**Supplied material:**
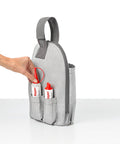 Bild-3-Rayen-Tasche-für-Bügeleisen-und-Bügelbrettbezug-mit-4-Fächern-30x20x15cm-EAN-8412955063337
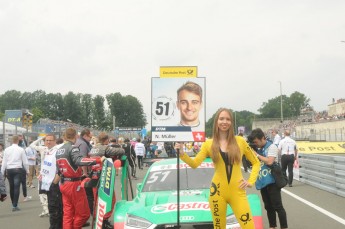 DTM - Norisring (victoire Bruno Spengler)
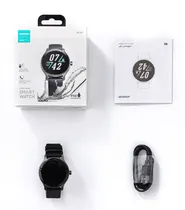 Relogio Inteligente JOYROOM-FC1 Classic Series (Realizar/Responder Llamada) Gris Oscuro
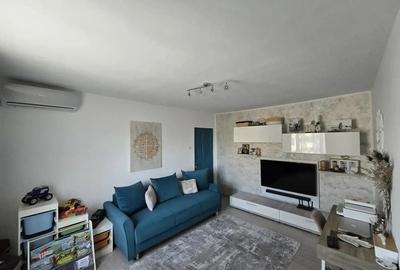 Vand apartament 2 cam semidecomandat comfort 2 sporit, mobilat si utilat - 1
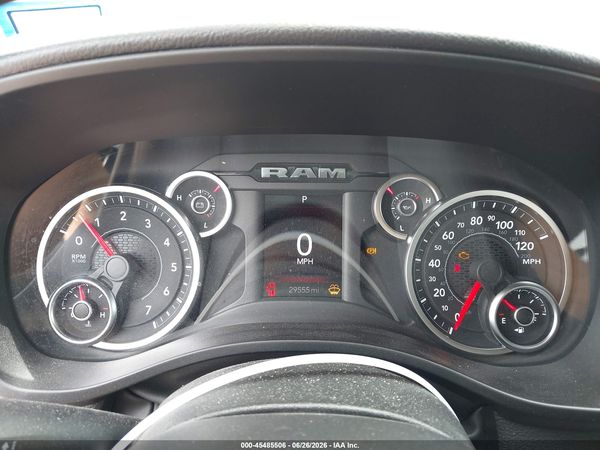 2025 RAM 1500 HFE  4X2 6'4 BOX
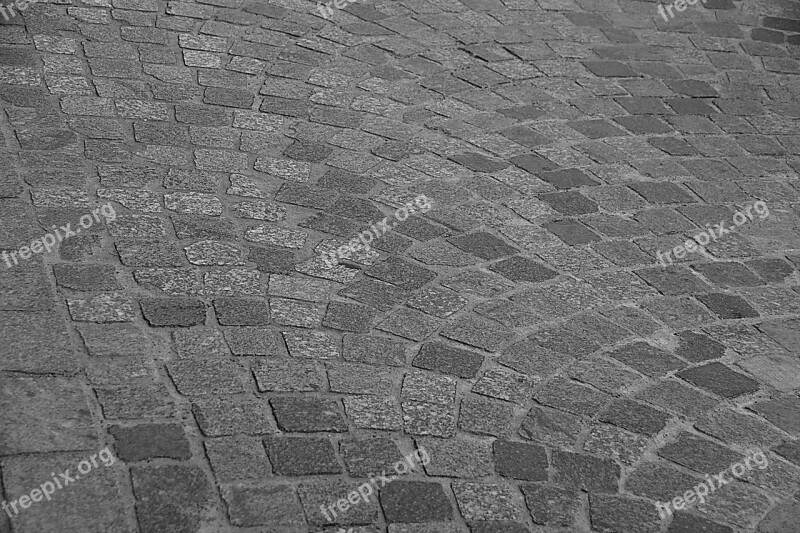 Pavers Street Lane Pierre Old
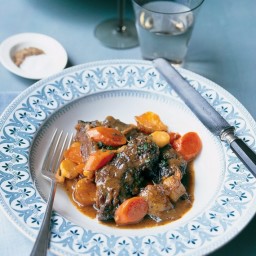 Short Ribs with Root Vegetables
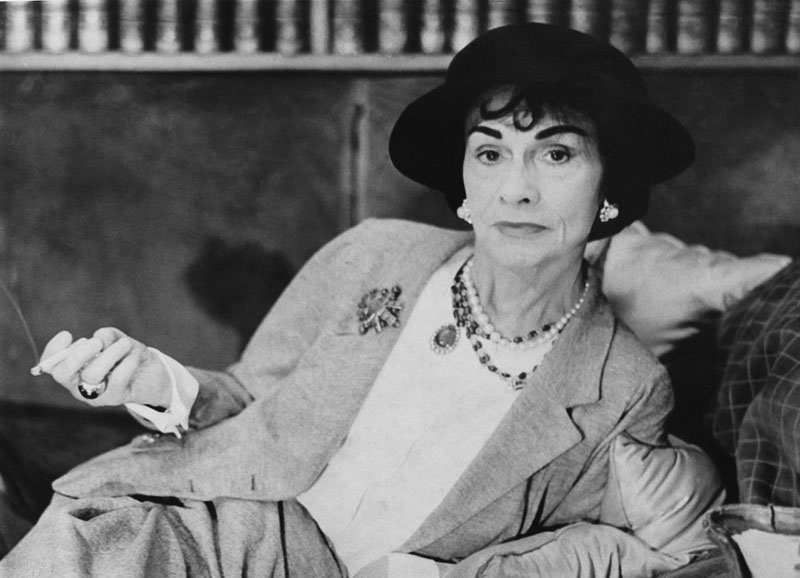 Coco-Chanel-1962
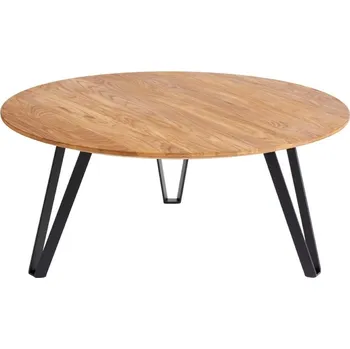 Konferenční stolek Konferenční stolek Muubs SPACE SMOKED P.90cm přírodní dub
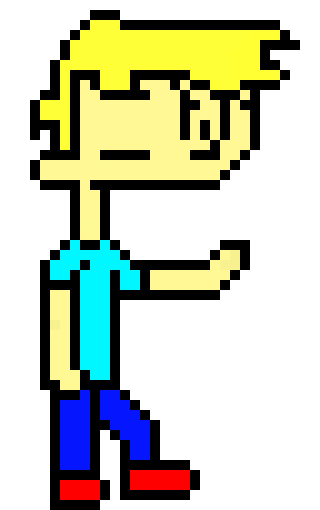 [9664c4] Mikey Sprite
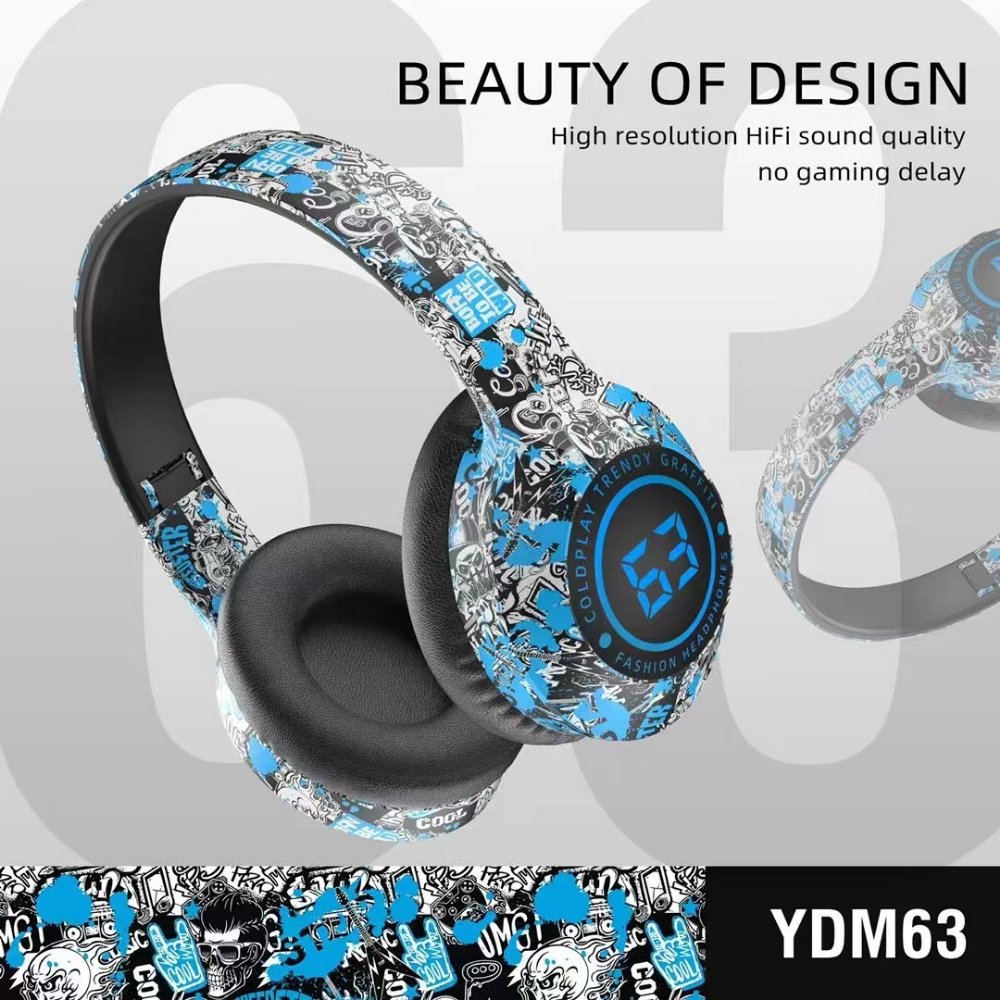 AURICULAR VINCHA HIFI PREMIUM - YDM63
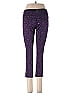 Nike Polka Dots Purple Active Pants Size S - photo 2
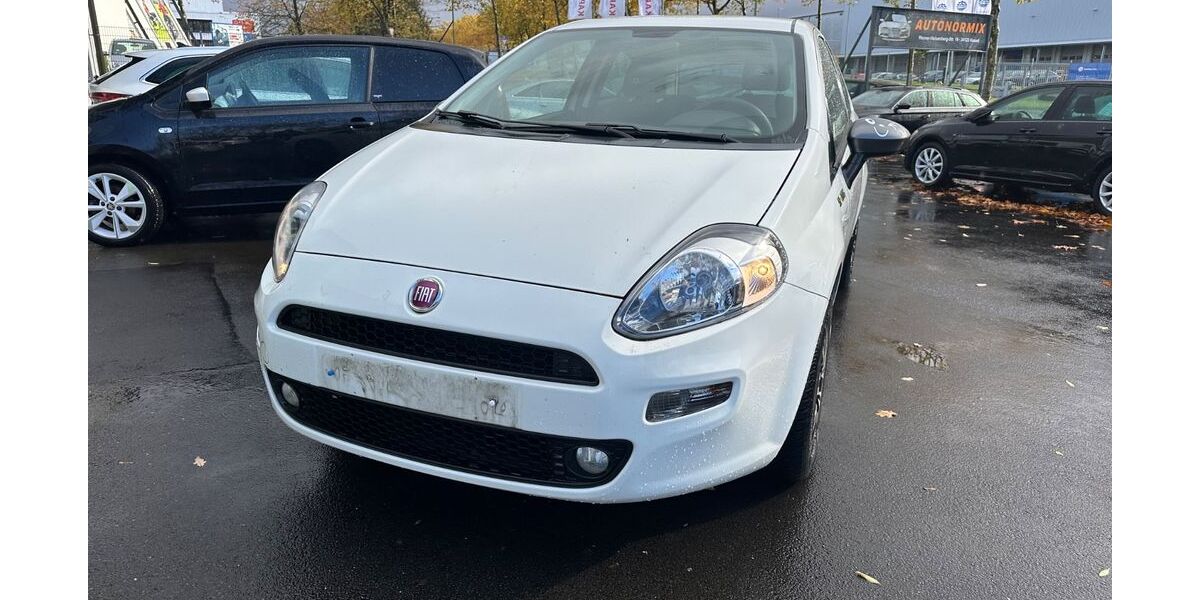 Fiat Punto 70.000 km 4.999 &euro; Kassel 34123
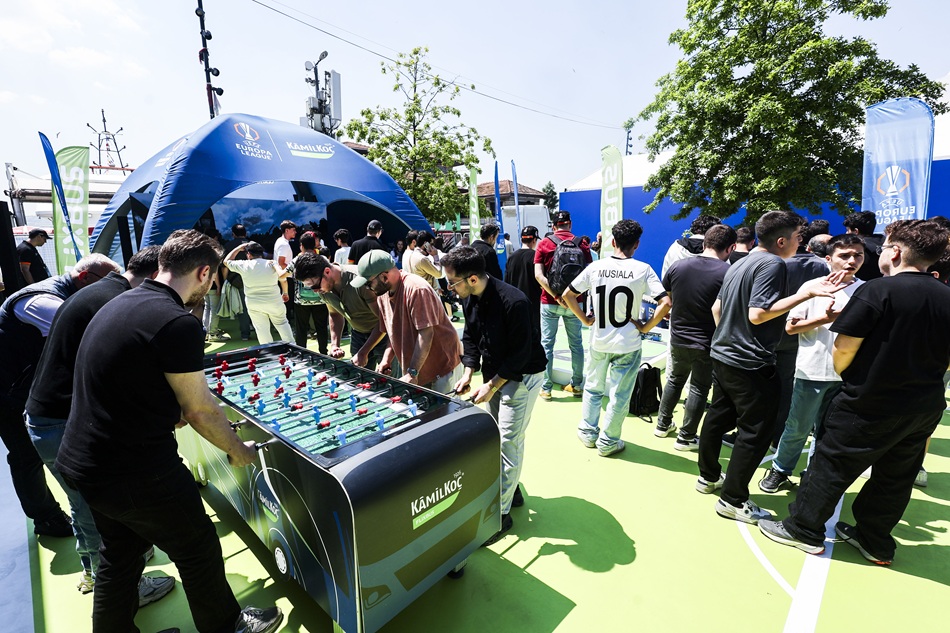 Kâmil Koç, 100. Kuruluş Yılını  UEFA Avrupa Ligi İstanbul Finali ile Taçlandırdı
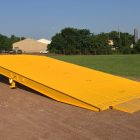 Expanded Metal Ramp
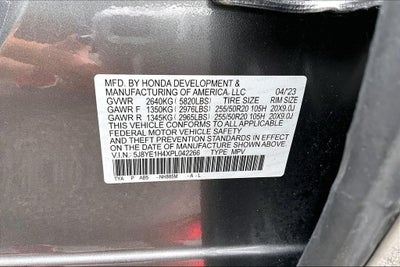 2023 Acura MDX Technology SH-AWD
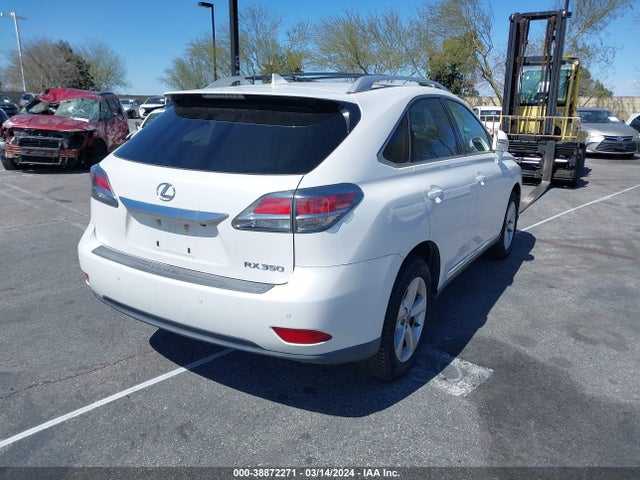 2T2ZK1BA3FC203133 Lexus RX 350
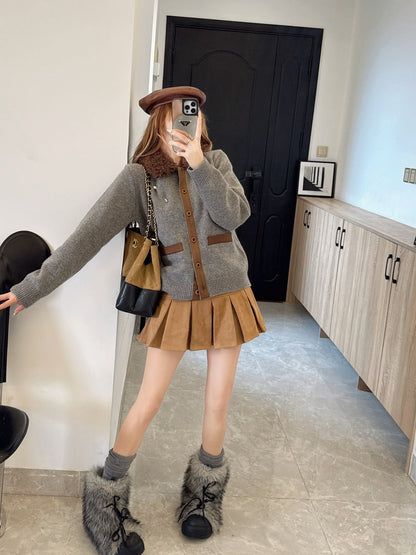 Loro NEW wool cardigan jacket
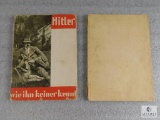 Variety of German Military Books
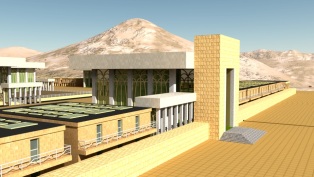 The Third Temple.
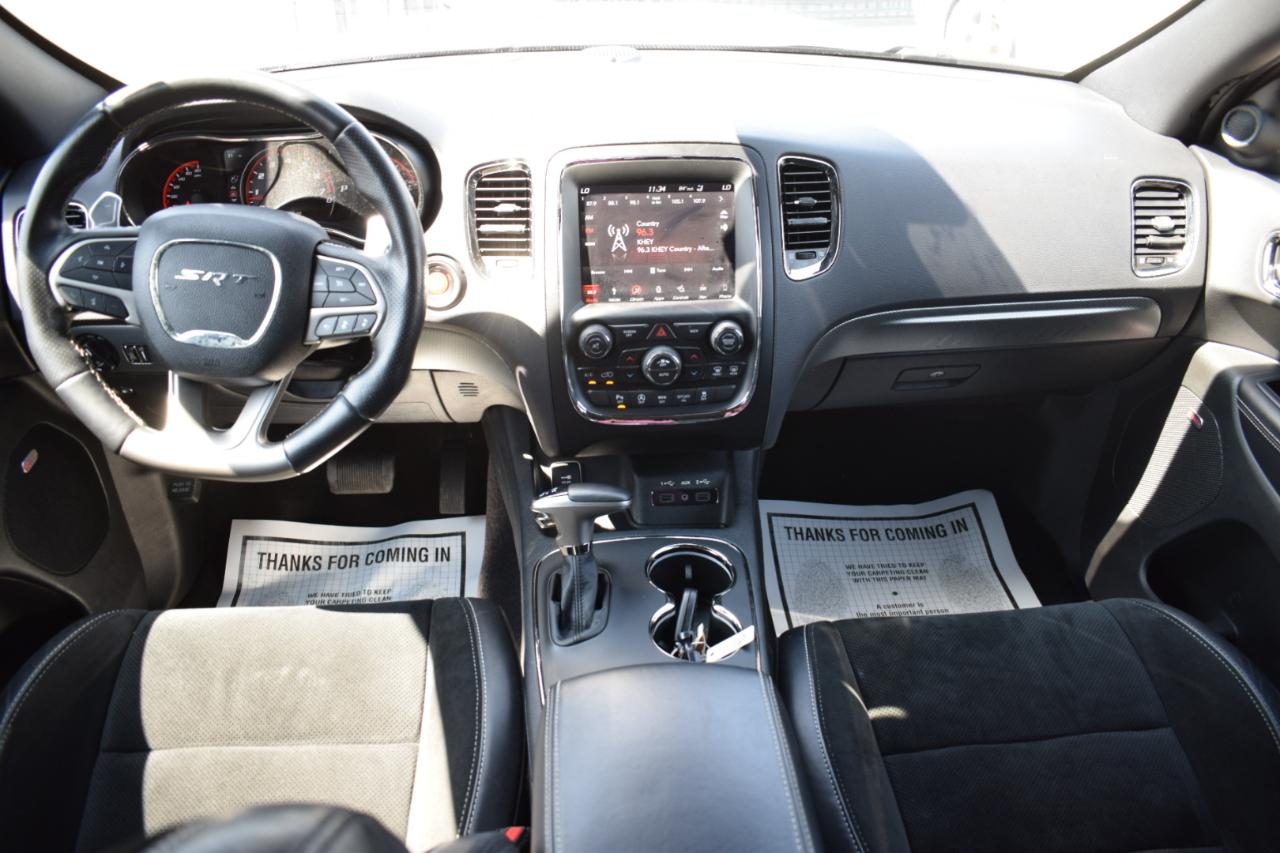 Dodge Durango SRT AWD 2018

**Exercise directions:** Word for word, write out each line of the records, but leave the pictures behind.

**Exercise result:**
 Bild-3-Rayen-Tasche-für-Bügeleisen-und-Bügelbrettbezug-mit-4-Fächern-30x20x15cm-EAN-8412955063337
 DTM - Norisring (victoire Bruno Spengler)
 Relogio Inteligente JOYROOM-FC1 Classic Series (Realizar/Responder Llamada) Gris Oscuro
 Vand apartament 2 cam semidecomandat comfort 2 sporit, mobilat si utilat - 1
 2025 RAM 1500 HFE  4X2 6'4 BOX
 Pavers Street Lane Pierre Old
 Short Ribs with Root Vegetables
 Coco-Chanel-1962
 Konferenční stolek Konferenční stolek Muubs SPACE SMOKED P.90cm přírodní dub
 [9664c4] Mikey Sprite
 AURICULAR VINCHA HIFI PREMIUM - YDM63
 Nike Polka Dots Purple Active Pants Size S - photo 2
 Fiat Punto 70.000 km 4.999 &euro; Kassel 34123
 Kâmil Koç, 100. Kuruluş Yılını  UEFA Avrupa Ligi İstanbul Finali ile Taçlandırdı
 Expanded Metal Ramp
 2023 Acura MDX Technology SH-AWD
 2T2ZK1BA3FC203133 Lexus RX 350
 Loro NEW wool cardigan jacket
 Variety of German Military Books
 The Third Temple.
 Dodge Durango SRT AWD 2018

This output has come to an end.